Tomó una breve pausa.
Esto, todo esto, no es más que el inicio de un gran futuro. El inicio de lo que tú entiendes por libertad. Elegiste este camino porque piensas mejor sin que alguien te estrese detrás. Y, admítelo, siempre tienes a alguien para ir a tomar unas copas contigo cuando lo necesitas. ¿No es así?
—Sí… —respondió en un susurro.
—No pierdas de vista tu objetivo. No transformes tu sueño en una pesadilla.
El metro se detuvo. Aquel que tan imponente había parecido en un inicio prosiguió con una voz cálida y alentadora.
—Ahora sal allí y cómete el mundo. Poco a poco, pero a paso seguro.
Las puertas se abrieron. En un pestañeo, el compartimento que tan vacío pareció haber estado se llenó de extraños de diferentes procedencias.
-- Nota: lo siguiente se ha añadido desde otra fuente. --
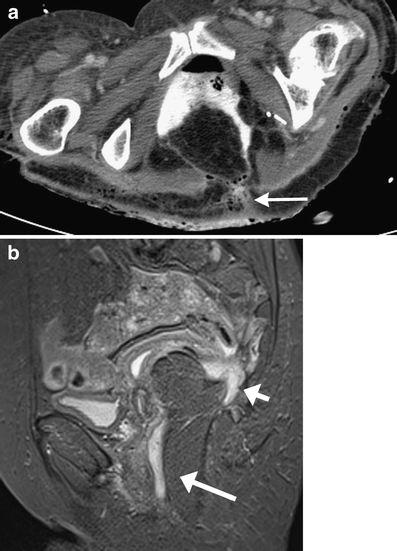 Fig. 13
Todavía impactada, nuestra protagonista tuvo que reaccionar a tiempo antes del cierre automático y pasarse de parada.
A salvo en el andén, miró hacia atrás y comprobó cómo el monstruo de acero volvía a las profundidades de los túneles. ¿Un sueño? ¿Tan real? Fuese lo que fuese, la había espabilado lo suficiente para retomar las riendas de su vida.
Su libertad dependía de ella y no había ni un minuto que perder.